# AUTHOR NETWORKS

The objectives of this notebook are: 
- assign an ID to each author for easier maniplation
- build a dictionnary with authors as keys and the list of their papers as values. 
- build an **author collaboration graph** where nodes represent authors, two authors have an edges **if they co-authored at least one paper.**
- build an **author citation graph** where nodes represent authors, two authors have an edges **if there is at least one time when one of them cited the other one in a paper.**

In [1]:
import os 
import gc
import itertools 
import numpy as np 
import pandas as pd

import paths # script with all data paths

## 1. Processing of the authors

We will encode the authors names into identificators so that we can easily manipulate them.

The following files will be added in the folder `data/authors_processed`:
- `id2author.txt` : contains a line *"id,name"* for each author
- `paper_2_authors_id.txt` : contains a line *"paper|--|auth_id_1,auth_id_2,..."*

In [2]:
if not os.path.isfile(paths.ID_2_AUTHOR_PATH) or \
    not os.path.isfile(paths.PAPER_2_AUTHORS_ID_PATH):
    
    all_authors = set() # set of all the authors in the dataset
    paper_authors = dict() # dictionnary  {paper : list of authors names}
    with open(paths.AUTHORS_PATH, 'r') as f:
        for line in f:
            paper, authors = line.rstrip('\n').split('|--|')
            authors = authors.split(',')
            paper_authors[int(paper)] = authors
            all_authors |= set(authors) # '|' is the union operator


    id2author = dict() # dictionnary {author id : author name}
    author2id = dict() # dictionnary {author name : author id}
    for i, author in enumerate(all_authors):
        id2author[i] = author
        author2id[author] = i

    # Save the (id,name) pairs as a text file
    with open(paths.ID_2_AUTHOR_PATH, 'w+') as f: 
        for id_, author in id2author.items(): 
            f.write(f"{id_},{author}\n") 

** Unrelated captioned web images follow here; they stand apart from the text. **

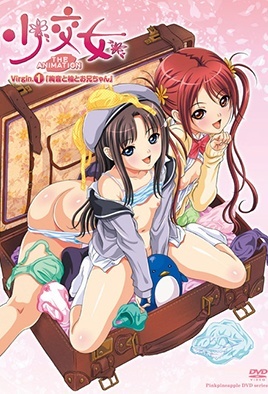 Hentai18x - Shoukoujo The Animation 1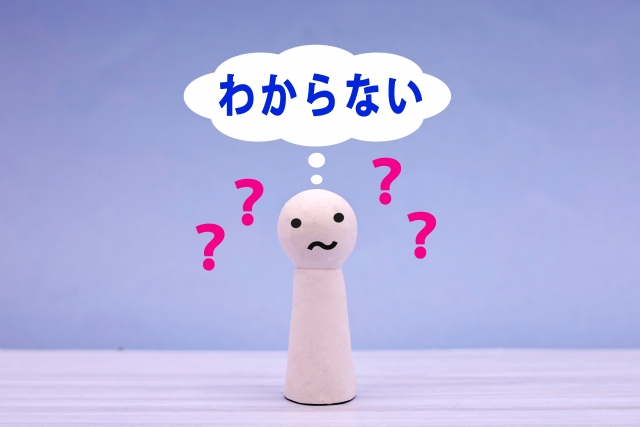 交通事故 治療費 不安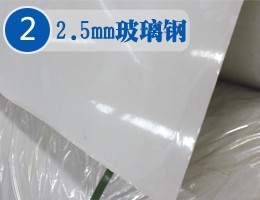 五十铃蓝牌冷藏车报价及图片双辽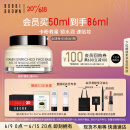 芭比波朗（Bobbi Brown）妆前柔润底霜橘子面霜保湿妆前乳50ML 生日礼物 送女友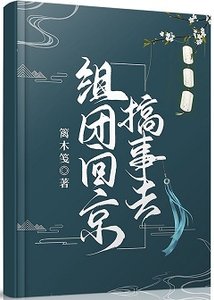 组团回京搞事去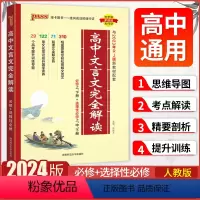 文言文解析[必修+选修] 高中通用 [正版]2024新版高中文言文完全解读高一高二高三阅读训练翻译书高中语文必背古诗文译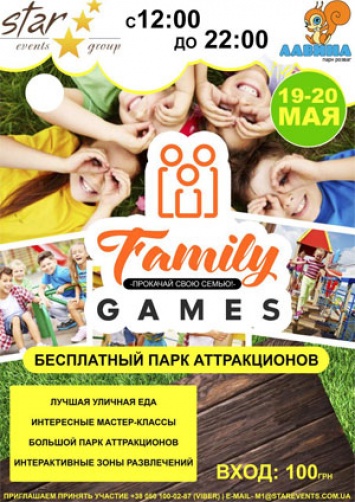 В Днепре пройдет семейный фестиваль FamilyGames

    # Create a new file similar to authors.txt but with authors ids instead of their names
    with open(paths.PAPER_2_AUTHORS_ID_PATH, 'w+') as f: 
        for paper, authors in paper_authors.items():
            authors_id = list(map(author2id.get, authors))
            authors_id = list(map(str, authors_id))
            f.write(f"{paper}|--|{','.join(authors_id)}\n")
else:
    print("The files already exist !")

The files already exist !


## 2. Get all the papers of each author

The following file will be added in the folder `data/authors_processed`:
- `author_id_2_papers.txt` : contains a line *"author_id|--|paper_1,paper_2,..."*

In [3]:
if not os.path.isfile(paths.AUTHOR_ID_2_PAPERS_PATH):
    # {paper : authors ids} dict
    paper_authors = dict()
    with open(paths.PAPER_2_AUTHORS_ID_PATH, 'r') as f:
        for line in f:
            paper, co_authors = line.rstrip('\n').split('|--|')
            paper_authors[int(paper)] = list(map(int,co_authors.split(',')))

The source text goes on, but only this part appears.